# Dead Bod-still There After All These Years



## robmason23 (Feb 16, 2007)

Anyone here remember this artistic creation, apparently it has been used as a Humber landmark for quite a few years now. Shame about the state of the old jetty, I remember it being in use,just.


----------



## RayJordandpo (Feb 23, 2006)

*Dead Bod*

Remember it well, after all it was your Dad and Pongo who put it there (after a few jars in the Hedon Road pubs) I bet there was a few bemused passengers on the ferries whose first glimpse of England was the "Dead Bod"
Ray Jordan


----------



## trawlercook (Aug 19, 2005)

the famous land mark the "dead bod "went the way of us all just faded away with age,the shed it was on was knocked down a few years ago.when i was cook on the trawlers when you saw it the shackle pan went on going out and comming home the shackle pan went off.


----------



## robmason23 (Feb 16, 2007)

It sure has faded away, but it's still hanging in there (just), the pictures of the "Dead Bod" & the jetty are fresh, I took a walk with the kids down the riverside yesterday, but it has been fenced off due to the state of the jetty being dangerous. Couldn't risk taking the kids on but I climbed over on my own to take a few pictures and have a wander around. The insides of the sheds are in a right state, looks like tramps and bums have been dossing in there. My daughter couldn't believe that trains and carriages used to go onto the jetty. It's heartbreaking really to go to Hull docks when you have seen it in better days. (Cloud)


----------



## Steve Woodward (Sep 4, 2006)

Dead bod wharf, or Reservation Quay as ABP prefer to call it, is still there, mainly due to planning delays, it is soon to be replaced by Quay 2005 ( thats how long the objectors to the new developement have delayed things) a new container terminal in the Humber - all who pass there will miss this well known piece of grafiti - I wonder if the new quay will be named in honour of the original artiste.

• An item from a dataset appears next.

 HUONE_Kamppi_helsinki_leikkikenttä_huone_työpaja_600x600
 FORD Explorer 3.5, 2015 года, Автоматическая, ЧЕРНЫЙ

The artwork was painted over once but was re-instated perhaps by the originator whoever he was


----------



## robmason23 (Feb 16, 2007)

*dead bod*

What a great idea to name it after Pongo & Gordon, we shall have to put the idea to ABP (Thumb) I will have to find out who is in charge of the new project at ABP and make sure that the "dead bod" isn't just thrown away, after all it is part of our maritime heritage in Hull. Maybe they could either put the two sections of corrugated iron onto the new terminal in a prominent place, or donate it to the Maritime museum in Victoria Square. (Thumb)


----------



## Joe w (Mar 17, 2008)

Even the old humber pilots used to Dead Bod as a reporting mark to VTS, don't know if the ABP pilots still do.
I sailed with Pongo on the old Foreman and he had great pride in his Dead Bod.
Used to lay over there when you were on Jetty duty for the week.


----------



## tommyjess (May 10, 2009)

I sailed as deck hand on the 'Tradesman' when Pongo was the skipper back in the 70's, he told Gordon Gay jnr and myself the 'yarn' of dead bod, if you knew Pongo then you will understand that some of it would have been tongue in cheek and taken with a punch of salt, very funny nonetheless.
He told us that it referred to an incident/occaision with Capt Hopper when Pongo was 2nd mate on the Englishman whilst at anchor in Falmouth bay. An unfortunate seagull with a broken wing had landed in the well deck of the Englishman, and with 'Tulip' being an avid hornithologist took pity on the bird and captured it and placed it on a bed of rags in a cardboard box in the corner of his cabin.
He then ordered the lifeboat to be sent ashore and that Pongo had to return with 2 ice lollies, after being ashore for a couple of hours and pints no doubt Pongo duly returned with the ice lollies that were melting rapidly in the summer heat. When he handed the lollies to 'Tulip' he quickly shook the ice off the sticks and returned to his cabin and used them as splints for the 'bods' wing.
3 weeks later 'Tulip' appeared on the well deck with the cardboard box and rags with said 'molly' sitting as if it was on a nest and left it there to take to the wing once again. While waiting for the bod to take off the bosun 'Bob Skelton' a short rotund chap wearing clumpers, smock and flat cap appeared from the fo'csle, when he saw the 'bod' on the deck he said what the fcukin ell is that and took an almighty swing with his clumper and splattered the 'bod' all over the the foreside of the bridge.
Tulip was beside himself and was ranting at Pongo, 3 weeks of shiiite and feathers and sleepless nights I've endured and what have I got............Pongo duly replied with......a 'dead bod' cap.
I'll leave it to you to sort out what is tongue in cheek and how much salt to take, but that was the story told.
As of now with the Siemens contract to take over most of Alex dock and the jetty, myself and a few other pilots have taken this to management that the name 'dead bod' should stay, and we have it from the Harbour Master that this will be the case and will presnt it to Siemens at the appropiate time.....'Siemens Dead Bod Berth' sounds good enough to me.
Regards, Tom Jessop.


----------